Attorney-at-Law

WAIT JUST A MINUTE, MR POSTMA

In Uncategorized on 07/22/2013 at 18:23

And No, That’s Not A Typo

 Our latest case of going postal involves Mr. Richard Postma of Grand Rappids (sic), MI, who claims he’s a notice partner but not a tax matters partner in Taurus FX Partners, LLC, Richard Postma, A Partner Other Than The Tax Matters Partner, 2013 T. C. Memo. 168, filed 7/22/13.

Richard was the sole member of FX Trading, LLC, which in turn was a partner in Taurus. Bricolage Capital, LLC was both managing partner and tax matters partner of Taurus, but FX was notice partner.

Then FX sold its interest to Littlefield, a Sub S of which Richard was sole shareholder.

When IRS began looking at Taurus’ return for the years in issue, they sent a Notice of Beginning of Administrative Proceeding (NBAP) to FX care of Bricolage, and to FX and to Richard at the Grand Rappids (sic), MI, address.
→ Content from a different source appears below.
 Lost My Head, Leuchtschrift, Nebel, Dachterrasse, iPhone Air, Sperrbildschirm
IRS dealt directly with Richard, asking him to send documents concerning his investment in Taurus and also asking him to sign a Form 872-P SOL extender, which he signed both as Authorized Signer and as TMP. His representative stated in a covering letter that Richard never was formally designated as TMP.
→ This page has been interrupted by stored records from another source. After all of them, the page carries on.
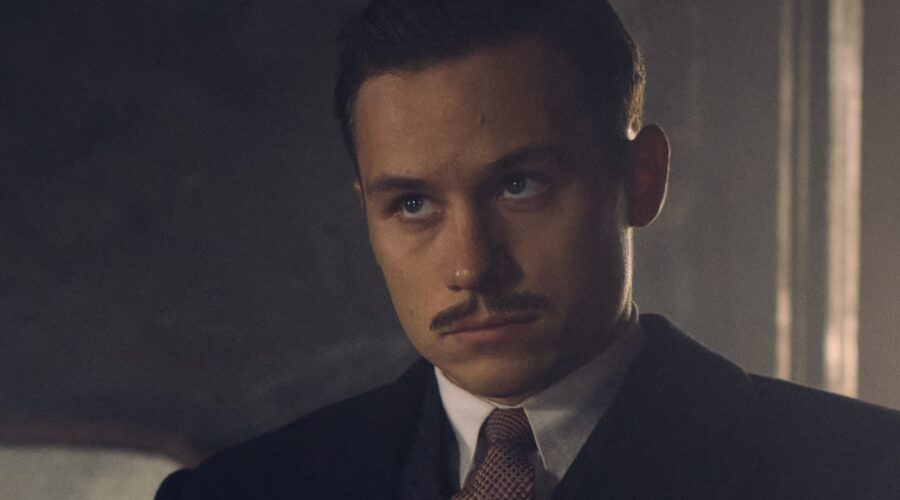 Finn Cole Interpreta Michael In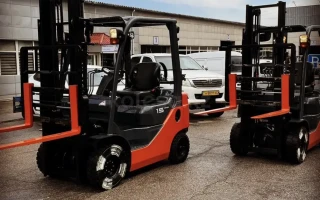 Вилочный погрузчик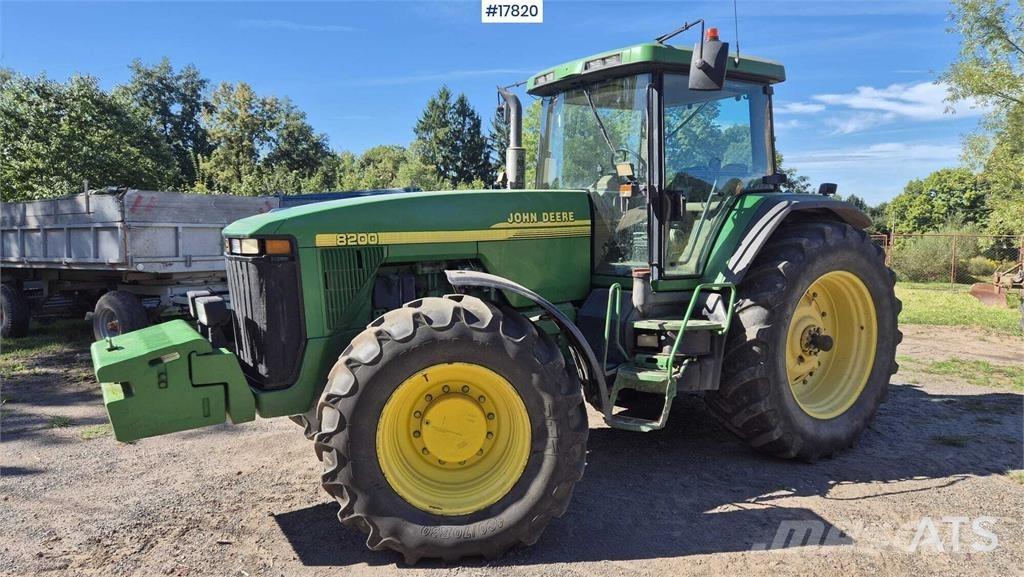 John Deere 8200 Traktoriai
Bricolage, true to its name as something thrown together out of whatever came to hand, apparently did nothing while this was going on, but did file bankruptcy, thus disqualifying itself as TMP and turning all its partnership items into nonpartnership items.

IRS got around to sending the FPAA to Bricolage and some other investors, and also to FX at another Grand Rapids address (this time getting the spelling right).
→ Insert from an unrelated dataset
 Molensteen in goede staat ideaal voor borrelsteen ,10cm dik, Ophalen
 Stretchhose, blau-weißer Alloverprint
Richard claims the FPAA was invalid because not sent to the proper partner, namely, him, as IRS knew all about him. And his petition was filed after the 150-day window had closed.

No, says Judge Buch, you’re too late, Richard.

Since partners come and go, and adjusted items may spread over years, “(T)he last known address rules applicable to notices of deficiency do not apply to FPAAs. Section 6223(c)(1) instructs that the partnership return is the starting point for identifying where to mail notices. The IRS must update that information only to the extent the updated information is provided in accordance with the regulations. The regulations require that updates be made by submitting a written statement, generally to the service center where the partnership return was filed….” 2013 T. C. Memo. 168, at pp. 8-9 (footnotes omitted, but you can tell Judge Buch was on law review, because he loves footnotes).

There’s a five-part test for what has to go into the notice, and nothing that Richard can produce shows he ever sent the relevant service center anything that comes close.

If you’re interested, the required notice has to (a) identify the partnership, each partner for whom information is supplied, and the person supplying the information by name, address, and taxpayer identification number; (b) explain that the statement is furnished to correct or supplement earlier information with respect to the partners in the partnership;(c) specify the taxable year to which the information relates; (d) set out the corrected or additional information; and (c) be signed by the person supplying the information.

And IRS can mail a generic NBAP or FPAA addressed to “Tax Matters Partner” at the partnership’s address as shown on the Form 1065 for the year at issue, without filling in the TMP’s name.

Richard says his prior dealings with IRS show IRS knew right well who and where he was. Says Judge Buch, while IRS “may” use whatever information they have to send you notices, that’s permissive and not prescriptive. See my blogpost “A Busy Day”, 9/10/12, which quotes one of the regs Judge Buch quotes here in Taurus.

IRS can send you notices if they know where you are, even if you haven’t told them per the regs, but they are not required to, and you have no beef if they don’t.

So Richard, you’re late and you’re out.